The study of the natural world was the rage. Collecting was the hobby of many aristocrats and great men of the age such as Sir Joseph Banks who had accompanied Captain Cook to the South Seas. Readers of Patrick O’Brian will find in characters like John Hunter a model of sorts for Stephen Maturin, Jack Aubrey’s ship’s surgeon who was, first and foremost, an enthusiastic student of the natural world.

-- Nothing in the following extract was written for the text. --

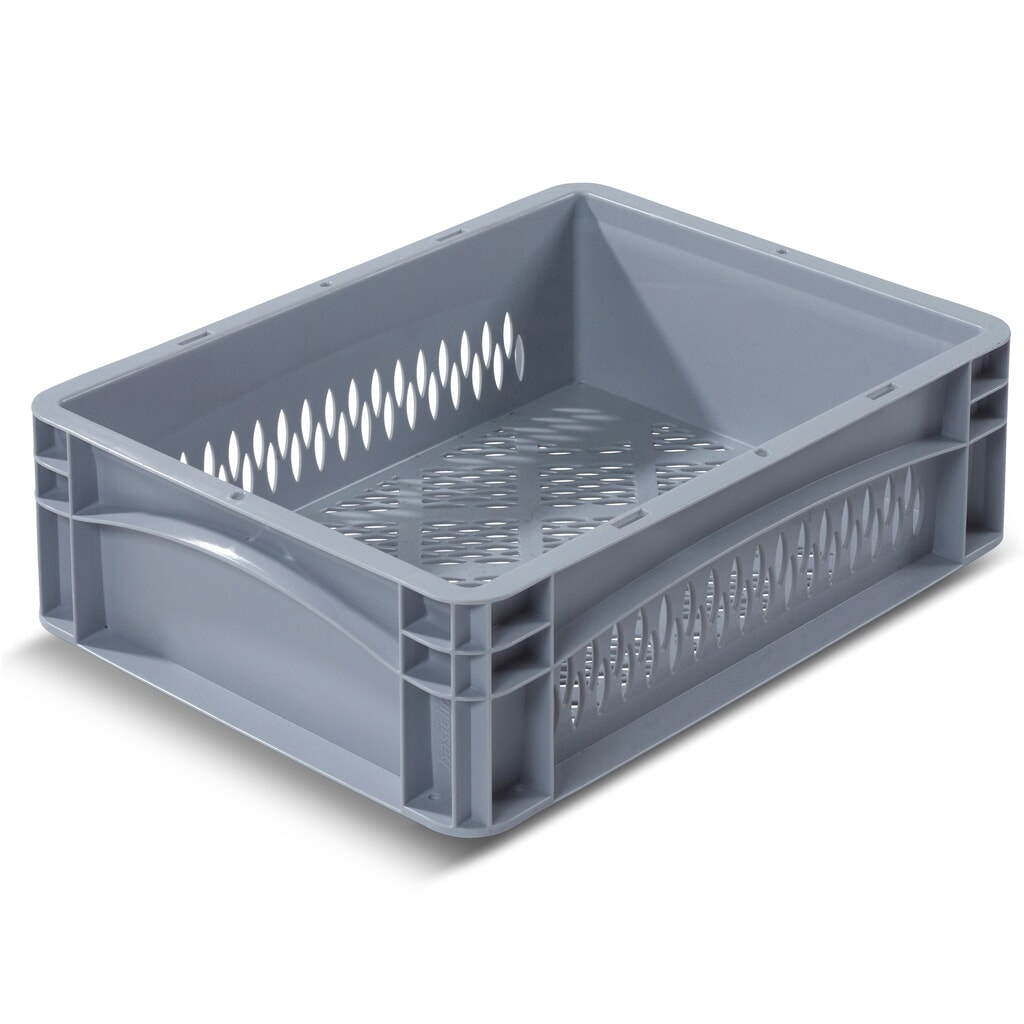 Product afbeelding: Alpha Eurobox van PP met geperforeerde wanden, 11,2 liter, hxbxd 120 x 400 x 300 mm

Medical schools of the day were a collection of lectures and dissections and hospital apprenticeships. Cadavers were in such great demand that body snatching became a national disgrace until legislation made corpses readily and plentifully available. Before that happened John Hunter could have been called The Ardent Body Snatcher for his facility in dealing with London’s underworld. When the Irish giant, Patrick Cotter O’Brien was near death the corpse-watchers gathered. O’Brien, fearing what might happen to his 8’ 4” shell prearranged a lead casket and hired a group of men to take his body out to sea. But John Hunter negotiated a five hundred pounds fee to O’Brien’s body watchers and they delivered the giant to his chamber where Hunter boiled the parts down in a large copper coffin and added the skeleton to his already large collection.
Studying venereal disease, Hunter infected himself. The “great inquirer” punctured his foreskin and then the head of his penis and polluted himself with pus. What he thought was gonorrhea turned out to be a combination of syphilis and gonorrhea. He carefully noted the symptoms and let them develop before treating them with the standard mercury elixir. This scientific experiment had long-lasting health implications for his entire family.

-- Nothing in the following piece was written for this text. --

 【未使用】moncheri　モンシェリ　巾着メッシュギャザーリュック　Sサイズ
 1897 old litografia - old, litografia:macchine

Hunter is considered one of the greatest and most imaginative surgeons of all times. An operation for aneurysm is performed today much as he conceived it in the seventeen hundreds. He is also remembered for his writing. In his Treatise on the Venereal Disease he was the first to identify the Hunterian chancre or hard chancre—the initial lesion of syphilis. A Treatise on the Blood, Inflammation, and Gun-shot Wounds marked his observations as an army surgeon during the Seven Years War. He was also author of a two volume Natural History of Teeth in which he speculated on a biological interdependence of the teeth and body as a whole which the author cites as “perhaps the most important single principle of dentistry.” Unfortunately, a principle most modern day dentists and doctors have forgotten or ignore. He noted that teeth can become a “focus of infection” and produce diseases in other organs.
Hunter died in 1793, in debt and in controversy. Sixty-six years later his body was moved to Westminster Abbey where he was honored by the Royal College of Surgeons for his services to mankind as the the founder of scientific surgery.